# From the center O of the circle inscribed in the triangle ABC to the plane of this triangle

**From the center O of the circle inscribed in the triangle ABC to the plane of this triangle, a perpendicular OС with a length of 3 cm is drawn. Find the area of the triangle ASB if AB = 14 cm, AC = 15 cm, BC = 13 cm.**

Probably, in the condition there is a typo, the perpendicular to the plane is OS.

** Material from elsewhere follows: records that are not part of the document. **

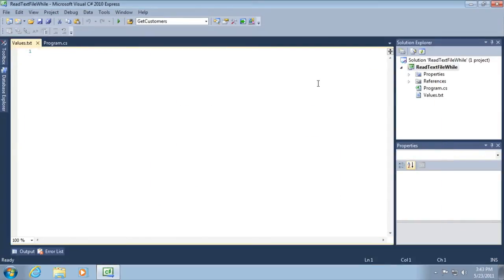All right, so that's how you add a new file in your project. In this case, just a text file, we could add other code files and so on, and we'll do that as our examples get a little more complicated.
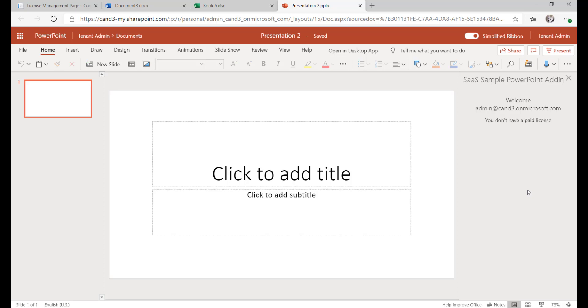It's also important to note that if you pull up the debugging console, you can also see written to the console the same messages that we saw that I dove deep into with the Outlook add-in.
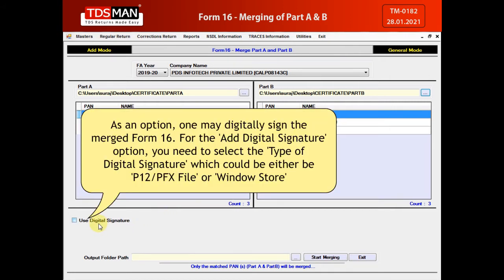As an option, one may digitally sign the merged Form 16. For the Add Digital Signature option, you need to select the type of digital signature, which could either be a P12 or PFX file, or Windows Store.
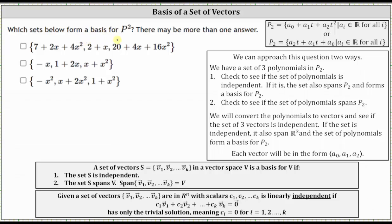Which sets below form a basis for P2? There may be more than one answer. Notice each of the sets contains three polynomials, and this is important to recognize because the dimension of P2 is three, which indicates any basis for P2 must contain a set of three polynomials.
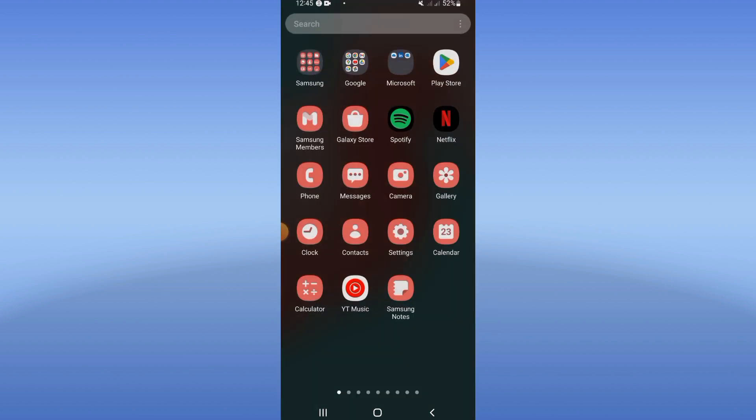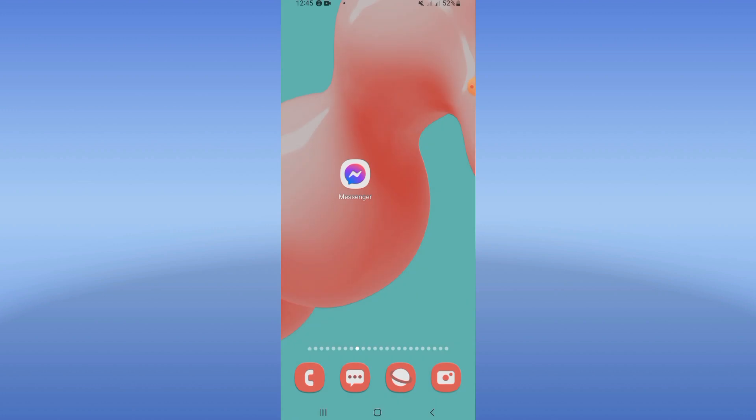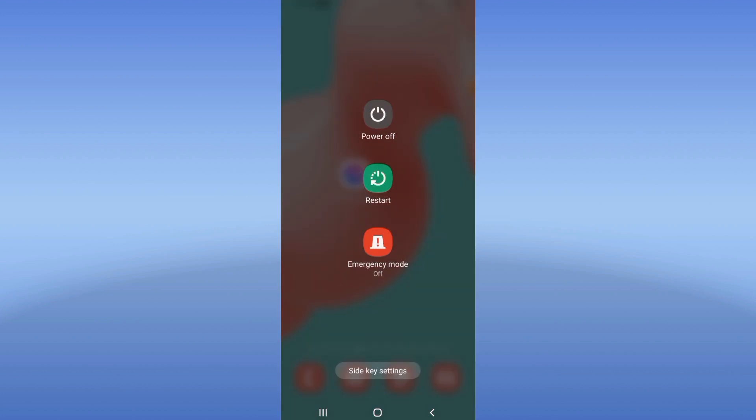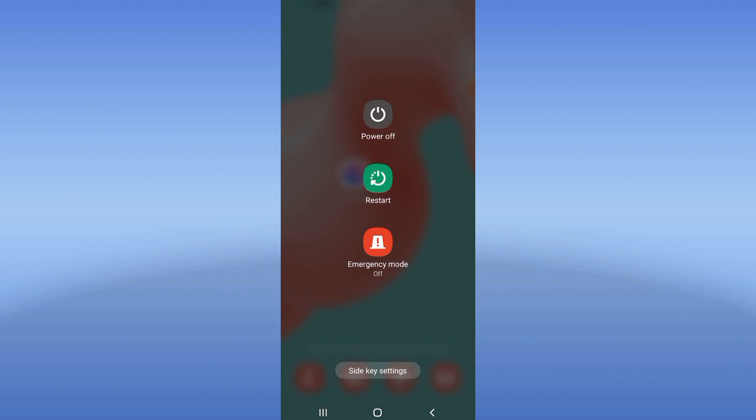After that, go to Play Store or App Store and update your Messenger. After updating Messenger, restart your device and that's it. I hope this video was helpful. Don't forget to like and subscribe, and bye.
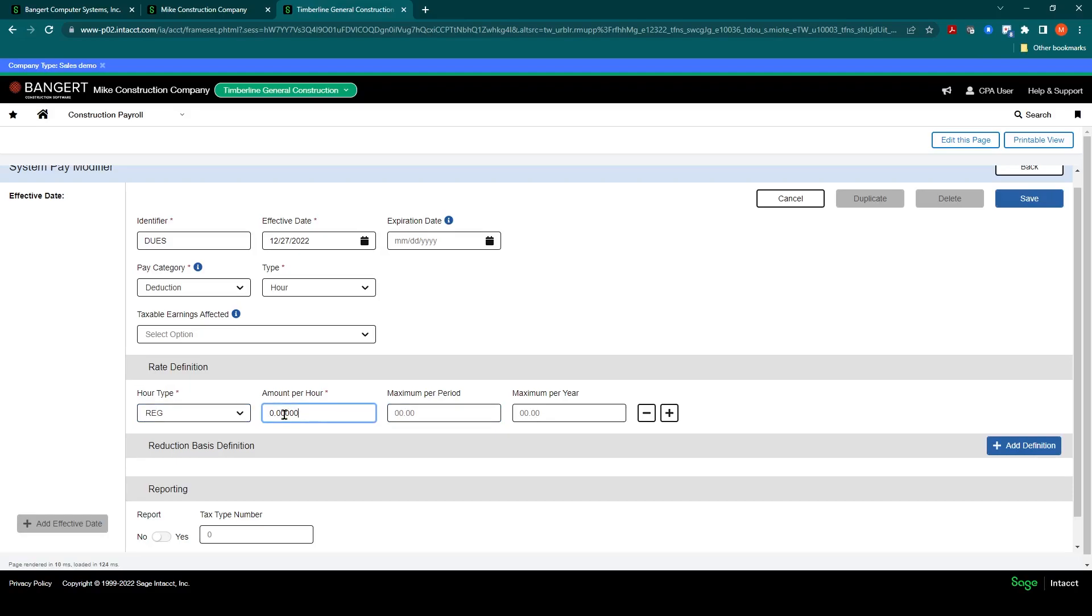If this is the same for all the employees in the company, you can come into here and say, for all the employees, it's $1.50 an hour. And that can also be overridden at a later stage in the setup as well.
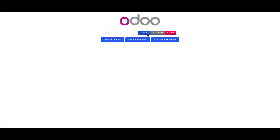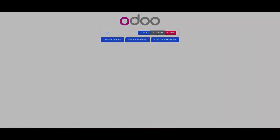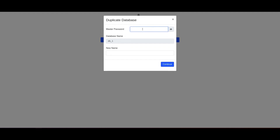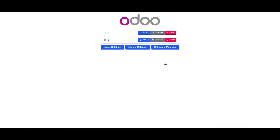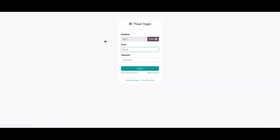From here we can see the list of databases. We can click on the duplicate button, provide the master password, and provide the new database name. After that, we can see the new database has been created and we can open it.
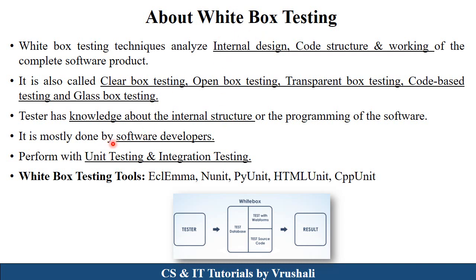In White Box Testing, the tester requires complete knowledge of programming language and the internal structure of your product. White Box Testing is generally performed by the software developer. They write different types of test cases for testing all the internal structure of your project. White Box Testing is performed with unit and integration testing. Different White Box Testing tools are available in the market; testers use these tools for testing a particular internal structure of your project.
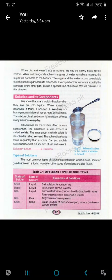When dirt and water make a mixture, the dirt will slowly settle to the bottom. When solid sugar dissolves in a glass of water to make a mixture, the sugar will not settle to the bottom. The sugar and the water mix so completely that the solid sugar seems to disappear. Every part of the mixture is exactly the same as every other part.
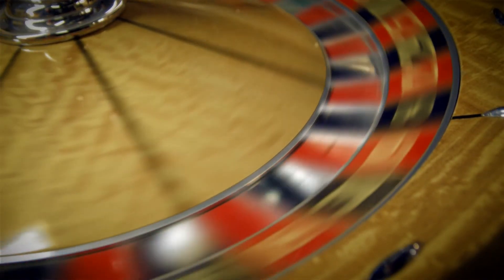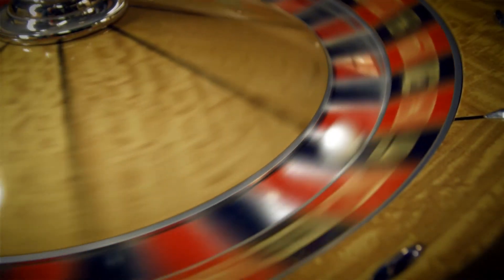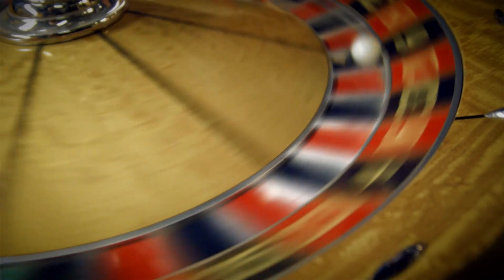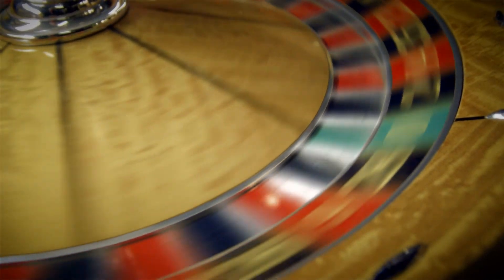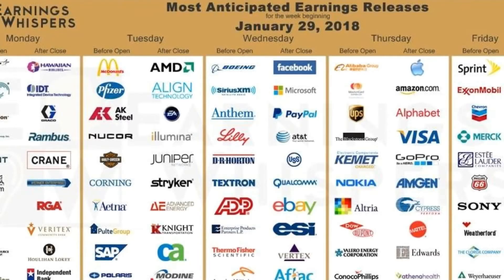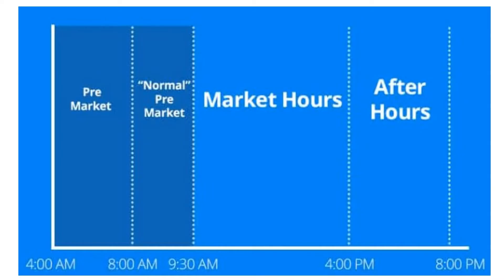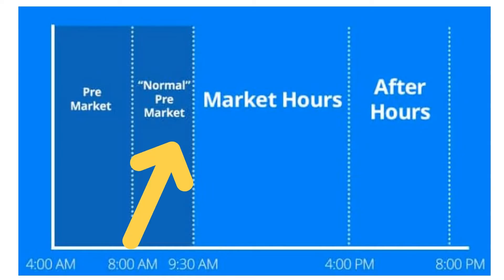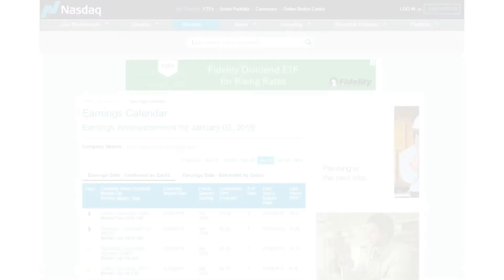It is extremely hard to predict the outcome of an earnings report, so investors must stay acutely aware of when these earnings are scheduled to be released. Most earnings dates are announced far in advance of their actual release and typically take place in either the pre or post market time periods. Always research when the earnings release will be for any stock that you choose to invest in or trade.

The area of the triangle ABS will be found by the formula:

S ABS = 1/2 * AB * SH.

For this formula, we need the height SH.

Consider a right-angled triangle SOH.

OH – the radius of the inscribed circle, we find it by the formula:

OH = √ ((p – AB) * (p – BC) * (p – AC) / p) = √ ((21 – 14) * (21 – 13) * (21 – 15) / 21) = √ ( 7 * 8 * 6/21) = √16 = 4 (cm).

By the Pythagorean theorem, we find the hypotenuse SH:

SH = √ (OS² + OH²) = √ (9 + 16) = √25 = 5 (cm).

Find the area of the triangle ABS:

S ABS = 1/2 * 14 * 5 = 35 (cm²).

Answer: The area of the ABS triangle is 35 cm².